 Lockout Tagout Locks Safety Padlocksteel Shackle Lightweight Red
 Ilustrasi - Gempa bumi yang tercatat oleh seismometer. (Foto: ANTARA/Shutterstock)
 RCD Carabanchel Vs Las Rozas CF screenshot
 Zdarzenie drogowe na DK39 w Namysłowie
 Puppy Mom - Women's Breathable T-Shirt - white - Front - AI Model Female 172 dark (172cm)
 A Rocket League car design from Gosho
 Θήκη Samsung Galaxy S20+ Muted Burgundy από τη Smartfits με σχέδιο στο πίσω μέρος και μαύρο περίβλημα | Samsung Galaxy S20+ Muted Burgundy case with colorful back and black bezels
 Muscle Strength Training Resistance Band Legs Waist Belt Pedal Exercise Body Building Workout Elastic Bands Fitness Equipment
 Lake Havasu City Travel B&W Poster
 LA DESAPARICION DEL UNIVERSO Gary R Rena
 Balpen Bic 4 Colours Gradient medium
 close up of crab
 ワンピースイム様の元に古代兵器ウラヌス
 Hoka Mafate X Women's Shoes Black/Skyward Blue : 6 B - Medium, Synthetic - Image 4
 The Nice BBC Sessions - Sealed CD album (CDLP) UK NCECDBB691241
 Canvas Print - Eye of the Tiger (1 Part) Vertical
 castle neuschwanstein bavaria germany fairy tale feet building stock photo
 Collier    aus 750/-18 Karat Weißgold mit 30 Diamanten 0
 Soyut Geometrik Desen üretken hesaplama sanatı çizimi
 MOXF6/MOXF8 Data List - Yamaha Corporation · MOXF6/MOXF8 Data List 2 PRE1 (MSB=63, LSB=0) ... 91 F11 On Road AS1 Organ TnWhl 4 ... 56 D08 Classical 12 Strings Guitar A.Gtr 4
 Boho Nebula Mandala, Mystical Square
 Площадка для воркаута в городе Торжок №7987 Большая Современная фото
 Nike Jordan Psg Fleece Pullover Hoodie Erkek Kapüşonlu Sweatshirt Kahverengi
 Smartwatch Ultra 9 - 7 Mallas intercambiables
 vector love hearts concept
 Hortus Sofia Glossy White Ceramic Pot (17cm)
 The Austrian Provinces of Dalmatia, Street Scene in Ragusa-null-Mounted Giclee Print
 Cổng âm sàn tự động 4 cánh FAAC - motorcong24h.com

■ ■ ■ ■ ■

Lines with "Print": return each one from the data above.

__Exercise result__:
 Canvas Print - Eye of the Tiger (1 Part) Vertical
 The Austrian Provinces of Dalmatia, Street Scene in Ragusa-null-Mounted Giclee Print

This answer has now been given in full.